Detention center's budget request too high, Councilman Gray says Corrections officials defend need for greater security

November 01, 1993|By James M. Coram | James M. Coram,Staff Writer

County Councilman C. Vernon Gray says the county detention center doesn't need everything its asking for and the council ought to trim a $510,000 amended budget request tonight.

"I think we need to do an efficient, effective job of protecting the personal safety and security of our citizens and I want to see that we do that," said Mr. Gray, D-3rd District. "But we need to use the money wisely in a way that serves its purpose."

County Corrections Director James N. Rollins told the council at a public hearing Oct. 18 that the money is needed to convert one of the dormitory wings to a maximum security area. The $11 million expansion of the Jessup facility is under construction.

Maximum security is necessary because increasingly the center is housing violent inmates awaiting trial, Mr. Rollins told the council.

Mr. Gray was not persuaded. After touring the center last week, he came away confused about what the administration means by maximum security.

While Mr. Gray said he thought the county was planning #F individual cells for violent offenders, he found plans for a dormitory arrangement in which guards would be housed in an enclosed cage.

"If some inmates are violent and dangerous, it is not only the guards but the other inmates who need protection," Mr. Gray said.

An open dormitory with special protection for guards is not maximum but minimum security and should have been included in the design in the first place, Mr. Gray said.

He said the county does not need a maximum security prison with individual cells and would oppose any such idea here.

"If the inmates are as dangerous as [Mr. Rollins] says they are, they don't need to be in our detention center, they need to be in a state facility," Mr. Gray said.

"We don't want to move toward a facility that would serve as an inducement [to state or federal agencies] to have violent criminals serve their sentences here," he said.

"It portends, induces, and entices the housing of violent criminals for four, five, and six years, rather than as a holding facility" for people awaiting trial.

Mr. Gray wants to trim the request by $224,000. He contends the security system the corrections department is asking for will cost only $286,000.

While Mr. Rollins agrees that it will cost $286,000 to upgrade one of the buildings from minimum to maximum security, additional money is needed for television control monitors, a special key system that would allow guards to respond more quickly in an emergency, and a reserve fund for contingencies, he said.

Mr. Rollins also said the facility cannot house violent criminals for more than 18 months and still receive payment from the state. Judges are aware of that and make sure that no one is confined to there for a longer period, he said.

Mr. Gray will be out of town and unable to attend tonight's meeting, and council members are unlikely to take action on the proposal because they have not discussed the bill in a public work session.

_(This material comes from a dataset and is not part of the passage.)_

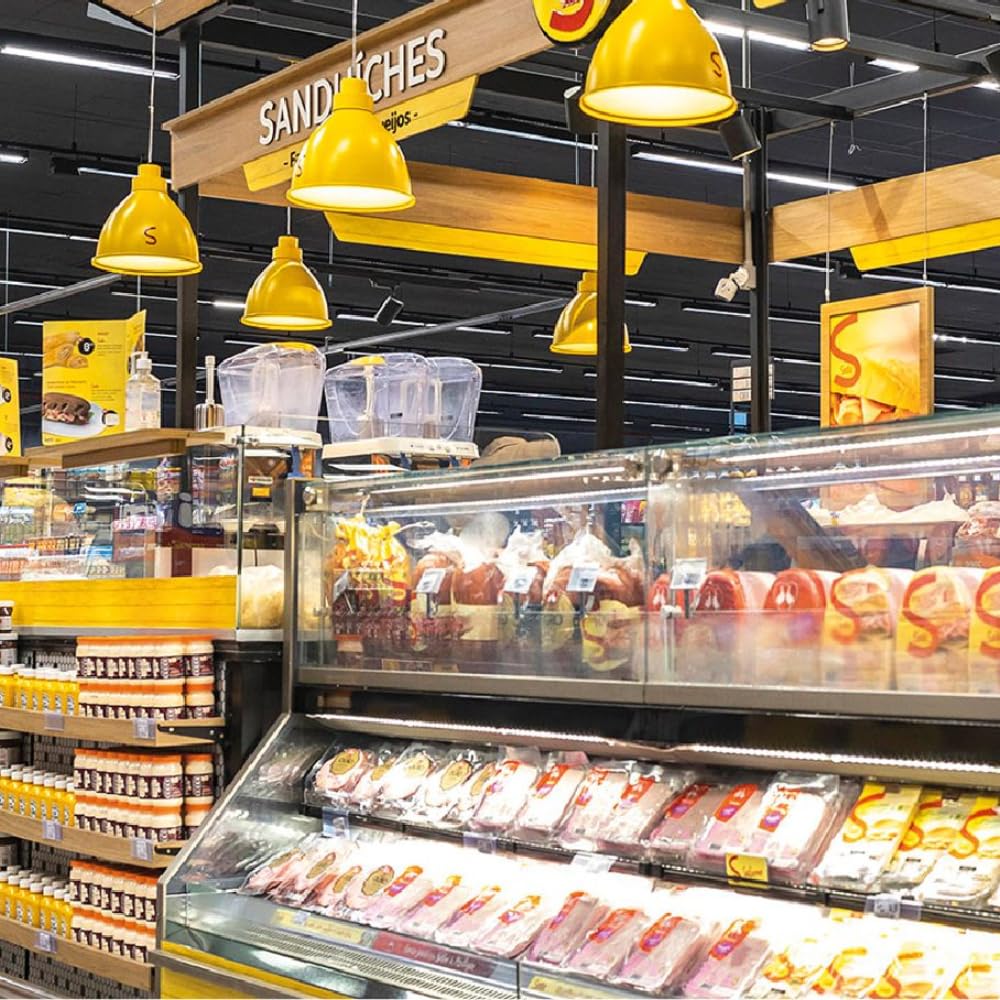 illuminated bakery shelving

The appropriations bill is one of 29 pieces of legislation scheduled for a vote at tonight's meeting.

Included among that legislation are bills that would amend various sections of the code to make it conform to new zoning regulations, provide for an ex-officio youth member on the Alcohol and Drug Abuse Advisory Board, and create a temporary committee of public school students to offer ideas and %o suggestions to the newly created Cemetery Preservation and Advisory Board.

The council will also vote on appointees to various boards and commissions: Rosemary Mortimer to the Compensation Review Commission, William E. Saunders to the Fire and Rescue Services Board, Robert E. Johnson to the Human Rights Commission, Alvin Meckler to the Mental Health Advisory Board and Cristi J. Cohn and Betty Harries to the Commission for Women.

Ms. Cohn and Ms. Harries are already members of the commission and were nominated by the county executive to serve another term.